'Total return, when measuring performance, is the actual rate of return of an investment or a pool of investments over a given evaluation period. Total return includes interest, capital gains, dividends and distributions realized over a given period of time. Total return accounts for two categories of return: income including interest paid by fixed-income investments, distributions or dividends and capital appreciation, representing the change in the market price of an asset.'

Applying this definition to our asset in some examples:- Compared with the benchmark SPY (74.4%) in the period of the last 5 years, the total return of 68.1% of First Trust US Equity Opportunities ETF is smaller, thus worse.
- During the last 3 years, the total return, or increase in value is 48.8%, which is greater, thus better than the value of 48.6% from the benchmark.

'Compound annual growth rate (CAGR) is a business and investing specific term for the geometric progression ratio that provides a constant rate of return over the time period.

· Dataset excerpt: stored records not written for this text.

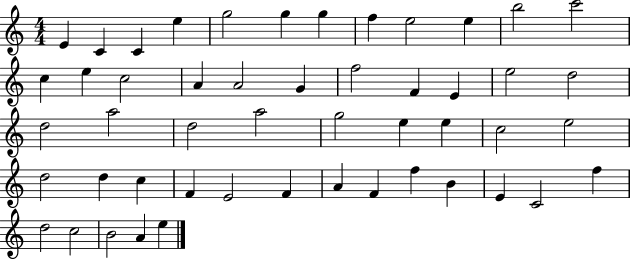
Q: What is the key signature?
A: C major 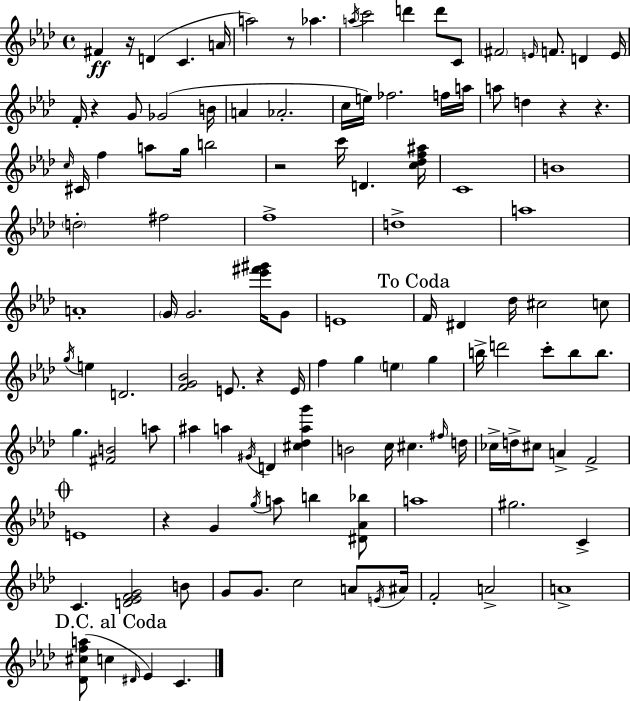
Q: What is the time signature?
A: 4/4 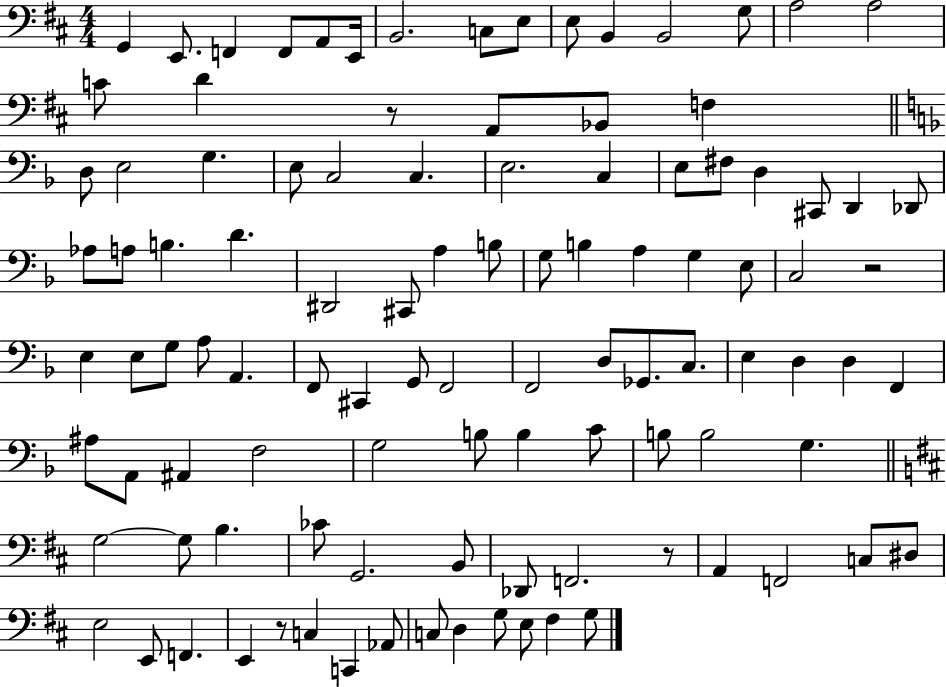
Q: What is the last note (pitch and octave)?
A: G3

CAGR is not an accounting term, but it is often used to describe some element of the business, for example revenue, units delivered, registered users, etc. CAGR dampens the effect of volatility of periodic returns that can render arithmetic means irrelevant. It is particularly useful to compare growth rates from various data sets of common domain such as revenue growth of companies in the same industry.'

Which means for our asset as example:- Compared with the benchmark SPY (11.8%) in the period of the last 5 years, the annual return (CAGR) of 11% of First Trust US Equity Opportunities ETF is lower, thus worse.
- Compared with SPY (14.1%) in the period of the last 3 years, the annual performance (CAGR) of 14.2% is larger, thus better.

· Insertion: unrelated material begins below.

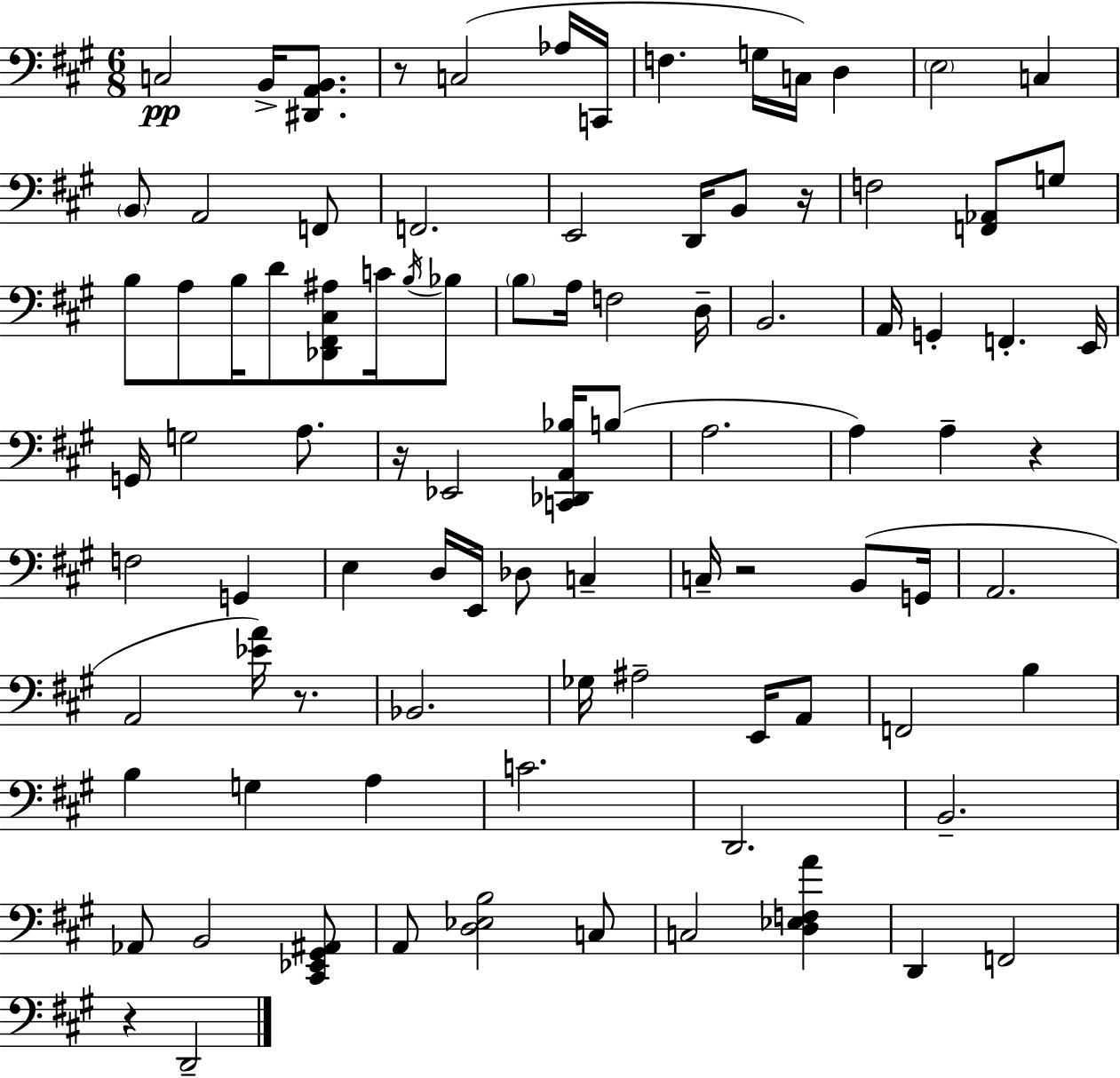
C3/h B2/s [D#2,A2,B2]/e. R/e C3/h Ab3/s C2/s F3/q. G3/s C3/s D3/q E3/h C3/q B2/e A2/h F2/e F2/h. E2/h D2/s B2/e R/s F3/h [F2,Ab2]/e G3/e B3/e A3/e B3/s D4/e [Db2,F#2,C#3,A#3]/e C4/s B3/s Bb3/e B3/e A3/s F3/h D3/s B2/h. A2/s G2/q F2/q. E2/s G2/s G3/h A3/e. R/s Eb2/h [C2,Db2,A2,Bb3]/s B3/e A3/h. A3/q A3/q R/q F3/h G2/q E3/q D3/s E2/s Db3/e C3/q C3/s R/h B2/e G2/s A2/h. A2/h [Eb4,A4]/s R/e. Bb2/h. Gb3/s A#3/h E2/s A2/e F2/h B3/q B3/q G3/q A3/q C4/h. D2/h. B2/h. Ab2/e B2/h [C#2,Eb2,G#2,A#2]/e A2/e [D3,Eb3,B3]/h C3/e C3/h [D3,Eb3,F3,A4]/q D2/q F2/h R/q D2/h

'In finance, volatility (symbol σ) is the degree of variation of a trading price series over time as measured by the standard deviation of logarithmic returns. Historic volatility measures a time series of past market prices. Implied volatility looks forward in time, being derived from the market price of a market-traded derivative (in particular, an option). Commonly, the higher the volatility, the riskier the security.'

Using this definition on our asset we see for example:- Compared with the benchmark SPY (13.5%) in the period of the last 5 years, the historical 30 days volatility of 15.7% of First Trust US Equity Opportunities ETF is higher, thus worse.
- During the last 3 years, the 30 days standard deviation is 14.9%, which is larger, thus worse than the value of 12.8% from the benchmark.

'Risk measures typically quantify the downside risk, whereas the standard deviation (an example of a deviation risk measure) measures both the upside and downside risk. Specifically, downside risk in our definition is the semi-deviation, that is the standard deviation of all negative returns.'

Applying this definition to our asset in some examples:- Compared with the benchmark SPY (14.8%) in the period of the last 5 years, the downside volatility of 17.9% of First Trust US Equity Opportunities ETF is greater, thus worse.
- During the last 3 years, the downside deviation is 17.1%, which is higher, thus worse than the value of 14.6% from the benchmark.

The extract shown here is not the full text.